Промаялся я таким образом ночь, день, потом еще ночь, и, убедившись, как мало помогает мне мое мышление, я прозрел и понял наконец, что я за птица. Я понял, что мысли мои не стоят гроша медного и что до встречи с Кисочкой я еще не начинал мыслить и даже понятия не имел о том, что значит серьезная мысль; теперь, настрадавшись, я понял, что у меня не было ни убеждений, ни определенного нравственного кодекса, ни сердца, ни рассудка; всё умственное и нравственное богатство мое состояло из специальных знаний, обрывков, ненужных воспоминаний, чужих мыслей – и только, а психические движения мои были несложны, просты и азбучны, как у якута… Если я не любил говорить ложь, не крал, не убивал и вообще не делал очевидно грубых ошибок, то это не в силу своих убеждений, – их у меня не было, – а просто только потому, что я по рукам и ногам был связан нянюшкиными сказками и прописной моралью, которые вошли мне в плоть и кровь и которые незаметно для меня руководили мною в жизни, хотя я и считал их нелепостью…

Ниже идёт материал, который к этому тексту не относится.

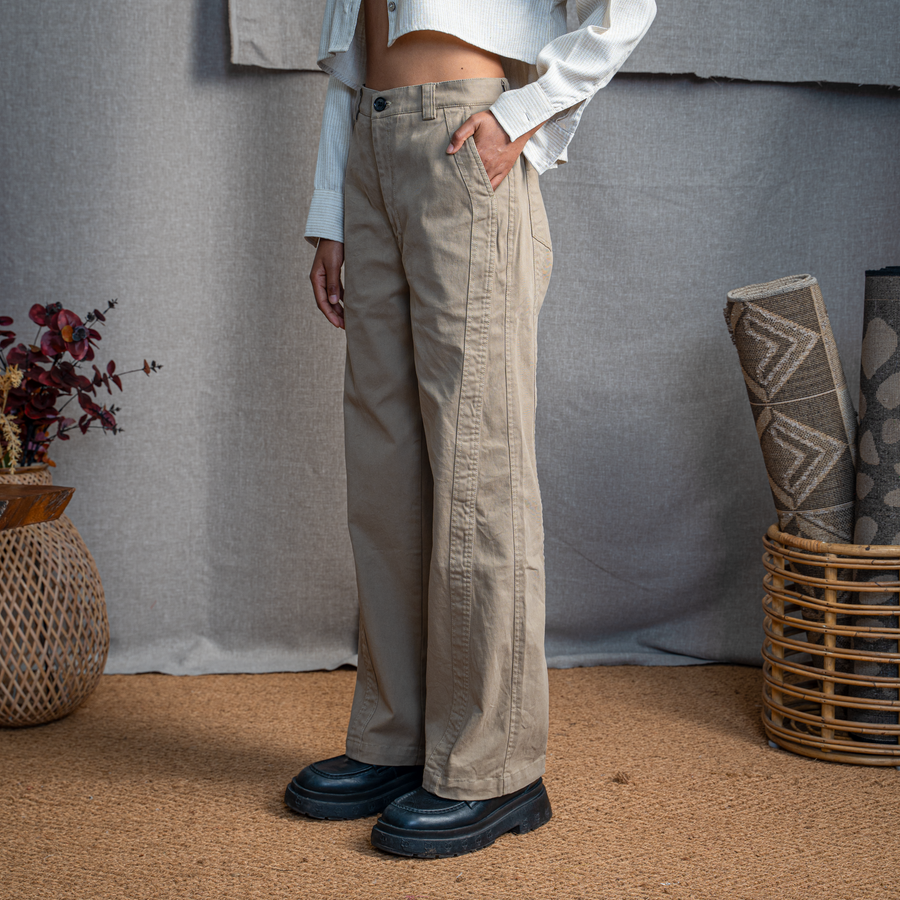 WIDE LEG PANELED PANTS- KHAKI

Я понял, что я не мыслитель, не философ, а просто виртуоз. Бог дал мне здоровый, сильный русский мозг с задатками таланта. И вот представьте себе этот мозг на 26 году жизни, не дрессированный, совершенно свободный от постоя, не обремененный никакою кладью, а только слегка запылившийся кое-какими знаниями по инженерной части; он молод и физиологически алчет работы, ищет ее, и вдруг совершенно случайным путем западает в него извне красивая, сочная мысль о бесцельной жизни и загробных потемках. Он жадно втягивает ее в себя, дает в ее распоряжение весь свой простор и начинает играть с нею на всякие лады, как кошка с мышкой. У мозга ни эрудиции, ни системы, но это не беда. Он собственными, природными силами на манер самоучки справляется с широкой мыслью, и не проходит месяца, как уж обладатель мозга из одного картофеля готовит сотню вкусных блюд и мнит себя мыслителем…

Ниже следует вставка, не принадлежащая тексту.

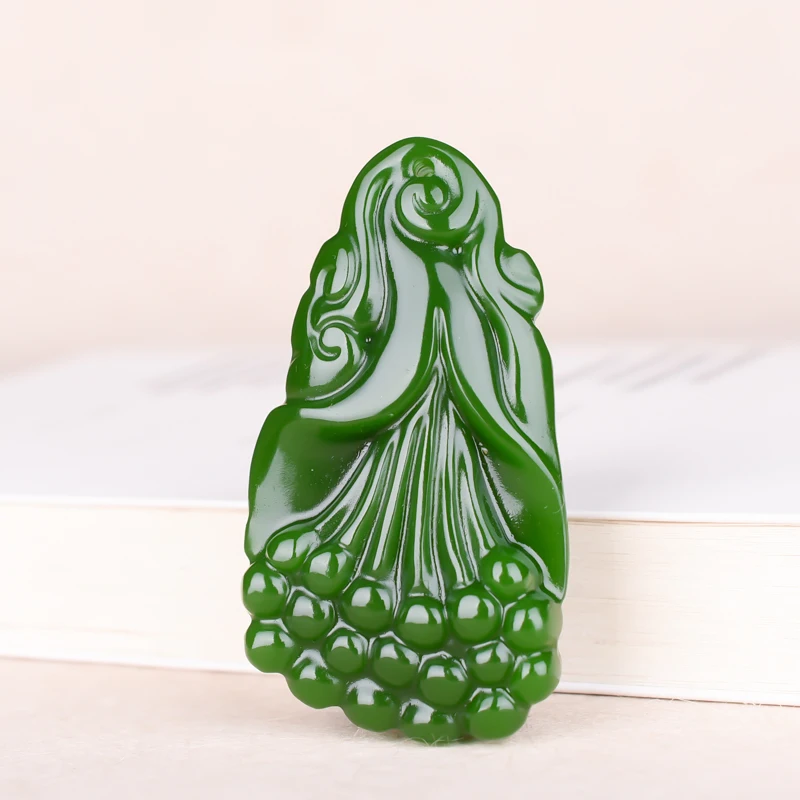 Ожерелье с подвеской из натурального зеленого нефрита цветком магнолии ручная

Эту виртуозность, игру в серьезную мысль наше поколение внесло в науку, в литературу, в политику и всюду, куда только оно не ленилось идти, а с виртуозностью вносило оно свой холод, скуку, односторонность и, как мне кажется, уже успело воспитать в массе новое, до сих пор небывалое отношение к серьезной мысли.

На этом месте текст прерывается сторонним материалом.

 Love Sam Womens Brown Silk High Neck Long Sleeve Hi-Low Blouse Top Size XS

Свою ненормальность и круглое невежество я понял и оценил, благодаря несчастью. Нормальное же мое мышление, как мне теперь кажется, началось только с того времени, когда я принялся за азбуку, то есть когда совесть погнала меня назад в N., и я, не мудрствуя лукаво, покаялся перед Кисочкой, вымолил у нее, как мальчишка, прощение и поплакал вместе с ней…»
Ананьев вкратце описал свое последнее свидание с Кисочкой и умолк.
– Тэк-с… – процедил сквозь зубы студент, когда инженер кончил. – Такие-то дела на этом свете!
Лицо его по-прежнему выражало мозговую лень, и, по-видимому, рассказ Ананьева не тронул его нисколько. Только когда инженер, отдохнувши минутку, опять принялся развивать свою мысль и повторять то, что уже было сказано им вначале, студент раздраженно поморщился, встал из-за стола и отошел к своей кровати. Он постлал постель и стал раздеваться.
– У вас теперь такой вид, как будто вы в самом деле кого-нибудь убедили! – сказал он раздраженно.
– Я, кого-нибудь убедил? – спросил инженер. – Душа моя, да разве я претендую на это? Бог с вами! Убедить вас невозможно! Дойти до убеждения вы можете только путем личного опыта и страданий!..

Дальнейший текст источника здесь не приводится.